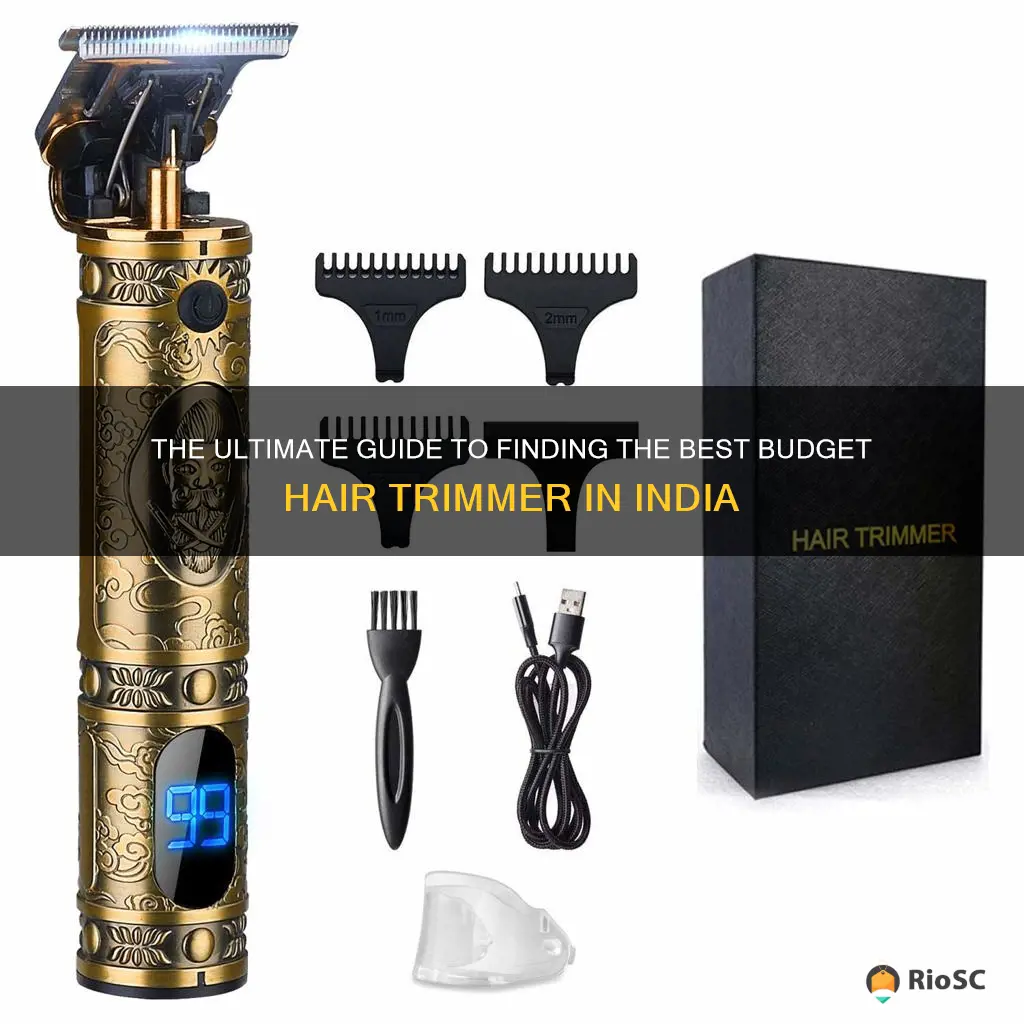 best budget hair trimmer india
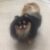 Breeder Nguyễn Đức Bình - Trại chó Pomeranian tại TP.HCM Breeder Nguyễn Đức Bình - Trại chó Pomeranian tại TP.HCM
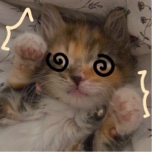 Guest_oniii2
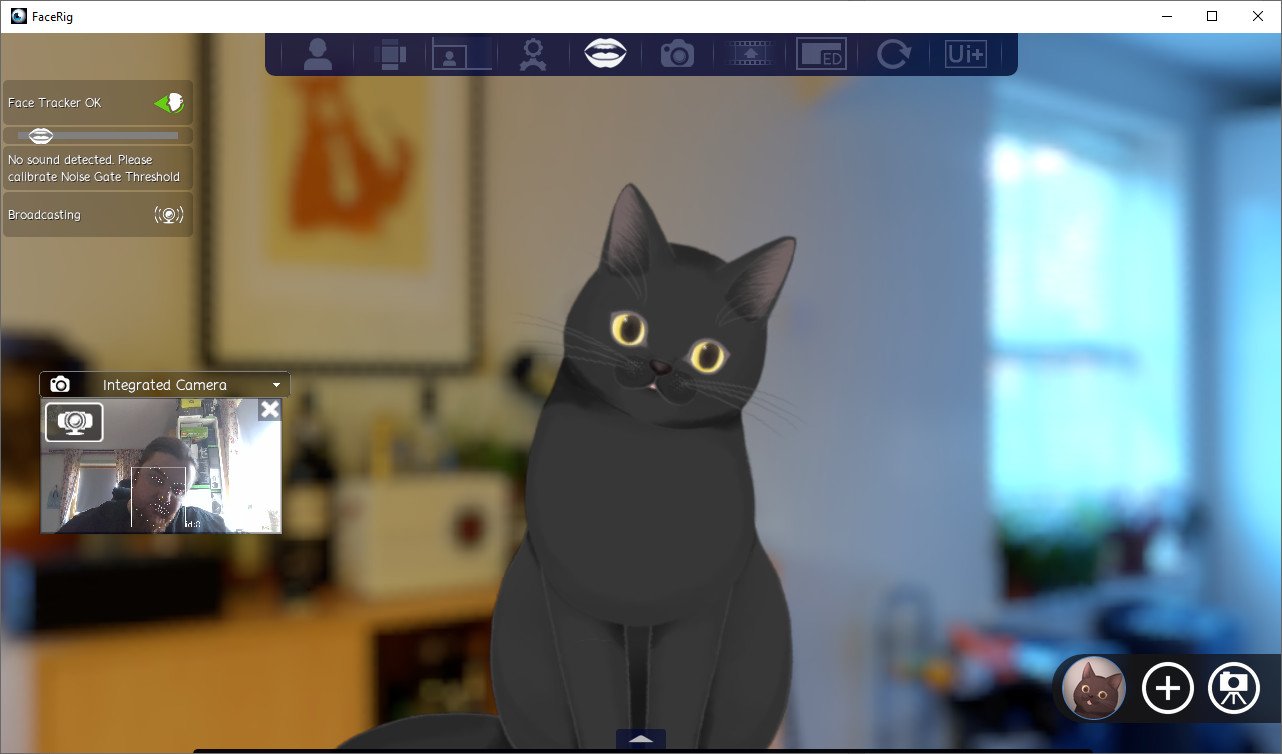Cats webcam. FACERIG кот. Фейс риг. FACERIG Кэти.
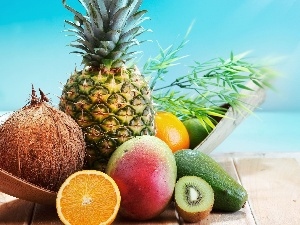 orange, Coconut, kiwi, Fruits, Mango, avocado, ananas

______

### YOUR OBJECTIVE
Each line above should be written out again exactly, without any image.

### EXERCISE SOLUTION
 best budget hair trimmer india
 Breeder Nguyễn Đức Bình - Trại chó Pomeranian tại TP.HCM Breeder Nguyễn Đức Bình - Trại chó Pomeranian tại TP.HCM
 Guest_oniii2
Cats webcam. FACERIG кот. Фейс риг. FACERIG Кэти.
 orange, Coconut, kiwi, Fruits, Mango, avocado, ananas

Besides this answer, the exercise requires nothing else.